NordVPN – Performance
As a comparison, average HTTP download speeds for the entire January 2020 VPN group test, measured from a test system in the UK with a high-speed fibre connection, were 81.41Mbps from UK endpoints, 89.42Mbps for the Netherlands and 43.02Mbps from the US.
NordVPN produced the fastest HTTP transfer speeds in my first test of 2020, not only beating the average but also trouncing every other VPN provider that I speed tested. This is something I’ve come to expect from the service.
The company’s recently introduced NordLynx protocol for Linux, although very much a niche feature, produced download speeds of up to 780Mbps (97.5MB/s) – far faster than a non-VPN connection to the same server, making NordVPN and its command-line application perhaps the best choice for Linux users right now, although the technology is still relatively new.
Once again, I got great consistency from its video streaming performance: I had no trouble watching region-locked content on Netflix US, BBC iPlayer, All 4 and Shudder. I was also able to reliably watch the US version of Disney+ from a UK account using both NordVPN’s desktop client and its browser plugins.
Related: What is a VPN?
Should you buy NordVPN?
We’re still fans of NordVPN despite its late disclosure of a recent security breach. That’s something to weigh up against Nord’s logging and security if you need privacy and aren’t in a position to set up your own VPN servers.
However, if – like many VPN users – you’re really after a bit of extra security against ISP or local network snooping and the ability to watch streaming media from anywhere in the world, NordVPN remains an excellent choice.
At the time of testing it has 5265 active servers in 58 countries, from the UK, the US and most of the EU to less commonly used locations in Egypt, Vietnam, Taiwan and New Zealand. It shut down its Russian endpoint servers as its no-logging policy became illegal under Russian legislation.

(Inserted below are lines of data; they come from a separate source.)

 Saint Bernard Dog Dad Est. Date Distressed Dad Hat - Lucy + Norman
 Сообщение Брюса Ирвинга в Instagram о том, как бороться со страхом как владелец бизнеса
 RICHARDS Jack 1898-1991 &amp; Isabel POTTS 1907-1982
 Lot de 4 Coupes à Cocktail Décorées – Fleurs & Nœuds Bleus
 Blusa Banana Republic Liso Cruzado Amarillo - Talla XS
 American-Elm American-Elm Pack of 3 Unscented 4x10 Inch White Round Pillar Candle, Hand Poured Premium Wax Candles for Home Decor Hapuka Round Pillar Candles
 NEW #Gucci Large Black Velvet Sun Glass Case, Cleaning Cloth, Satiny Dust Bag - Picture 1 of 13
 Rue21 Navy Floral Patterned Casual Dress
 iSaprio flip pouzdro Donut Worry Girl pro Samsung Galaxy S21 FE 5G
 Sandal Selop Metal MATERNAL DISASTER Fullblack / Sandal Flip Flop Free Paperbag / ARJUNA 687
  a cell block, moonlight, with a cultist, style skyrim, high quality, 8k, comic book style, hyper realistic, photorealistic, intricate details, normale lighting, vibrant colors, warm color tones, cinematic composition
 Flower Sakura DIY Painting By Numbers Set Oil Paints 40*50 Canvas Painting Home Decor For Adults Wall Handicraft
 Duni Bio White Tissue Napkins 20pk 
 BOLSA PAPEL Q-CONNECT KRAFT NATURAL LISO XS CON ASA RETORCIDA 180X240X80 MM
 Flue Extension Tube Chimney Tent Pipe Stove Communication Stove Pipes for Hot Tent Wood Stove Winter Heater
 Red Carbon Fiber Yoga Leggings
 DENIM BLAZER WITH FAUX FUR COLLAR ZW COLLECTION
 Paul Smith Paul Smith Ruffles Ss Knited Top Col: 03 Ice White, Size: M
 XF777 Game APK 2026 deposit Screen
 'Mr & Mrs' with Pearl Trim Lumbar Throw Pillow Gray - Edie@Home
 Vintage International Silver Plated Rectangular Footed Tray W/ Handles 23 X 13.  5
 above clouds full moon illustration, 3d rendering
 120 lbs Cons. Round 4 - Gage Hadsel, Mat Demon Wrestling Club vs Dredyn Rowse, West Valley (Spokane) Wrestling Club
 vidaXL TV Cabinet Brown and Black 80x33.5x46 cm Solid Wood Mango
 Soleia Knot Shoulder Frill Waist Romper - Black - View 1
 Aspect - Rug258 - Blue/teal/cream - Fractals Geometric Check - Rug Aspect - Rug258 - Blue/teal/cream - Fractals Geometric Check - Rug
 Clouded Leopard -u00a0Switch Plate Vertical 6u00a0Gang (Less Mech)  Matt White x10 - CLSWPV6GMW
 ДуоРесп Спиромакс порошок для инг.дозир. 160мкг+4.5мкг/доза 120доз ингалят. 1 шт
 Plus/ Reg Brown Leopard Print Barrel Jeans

While NordVPN’s longest subscriptions work out very cheaply, its other tiers are more costly than many of its rivals. You’ll pay a hefty £9.20 per month and subscriptions offer increasingly better value the longer you sign up for, at £64.58 per year, £92.21 for two years and £94.74 every three years.
No free trial is available, but there’s a 30-day money-back guarantee, and those in search of extra anonymity can pay in bitcoin.
If you’re a streaming media enthusiast, NordVPN provides reliable region-shifting, a client with plenty of features and blisteringly fast download speeds. It’s also introducing some particularly interesting features for Linux users, if you’re comfortable using its command line application.
Its privacy credentials have been dented by its recent server breach and slow public response, which is reflected in its current Trusted Reviews score. We hope to see further transparency from the company in line with its recent commitments, and it’s already made moves in the direction.
Privacy-conscious VPN users should instead choose a service that’s been shown in court to keep no logs, such as ExpressVPN, for those who want reliable region-shifting for video streaming, or Private Internet Access, if you’re after very competitive pricing.